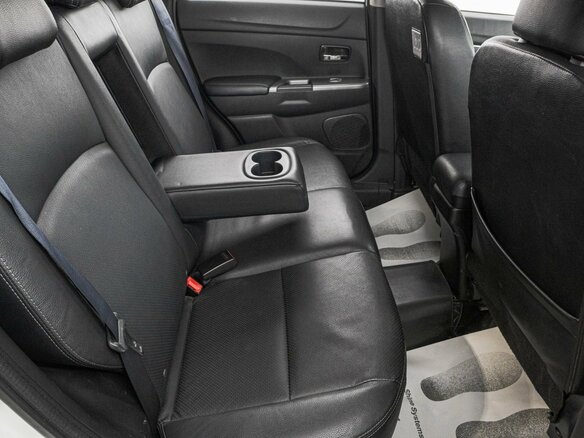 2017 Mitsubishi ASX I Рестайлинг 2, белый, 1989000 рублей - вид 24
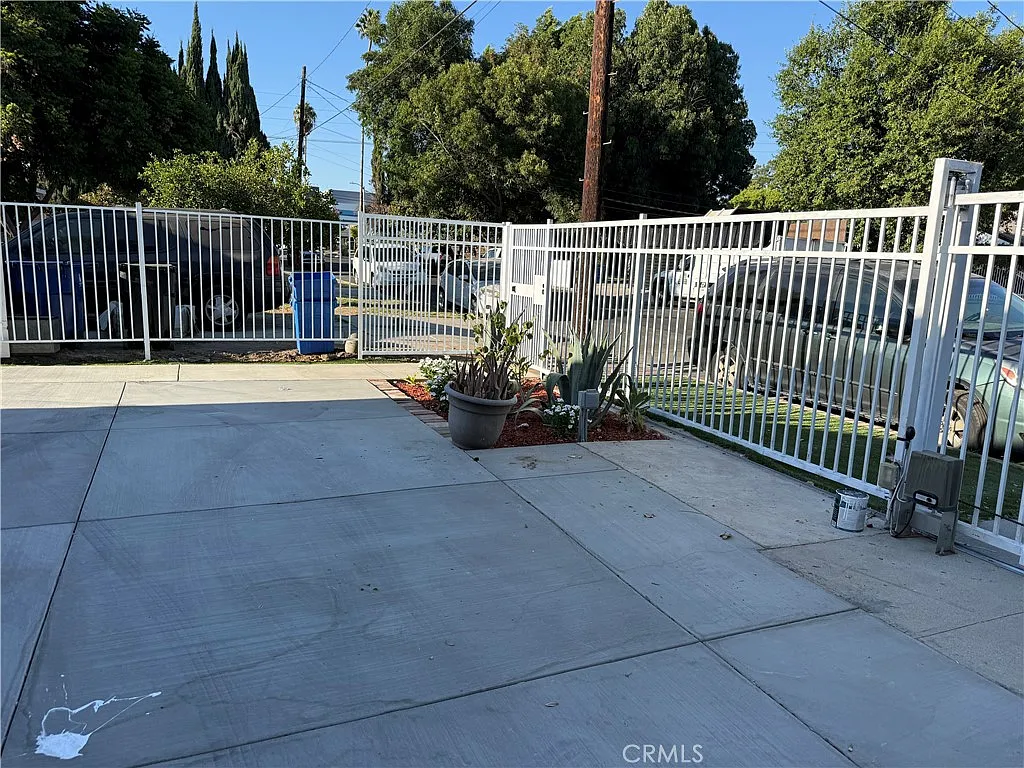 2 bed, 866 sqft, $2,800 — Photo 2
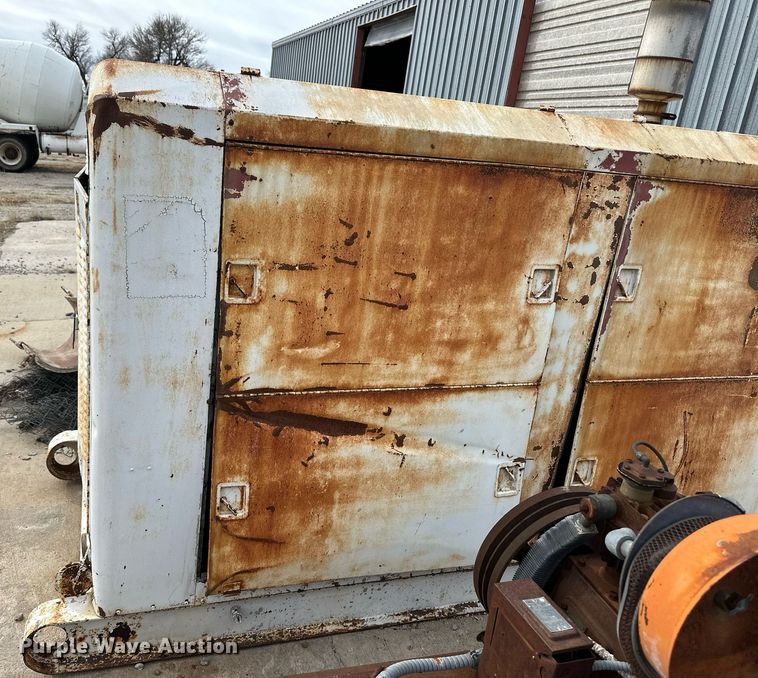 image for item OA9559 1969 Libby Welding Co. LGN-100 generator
# # # # # # #
Description of the task: Retype the data above in full, exactly as it stands, and skip any image.

Output of the task:
 2017 Mitsubishi ASX I Рестайлинг 2, белый, 1989000 рублей - вид 24
 2 bed, 866 sqft, $2,800 — Photo 2
 image for item OA9559 1969 Libby Welding Co. LGN-100 generator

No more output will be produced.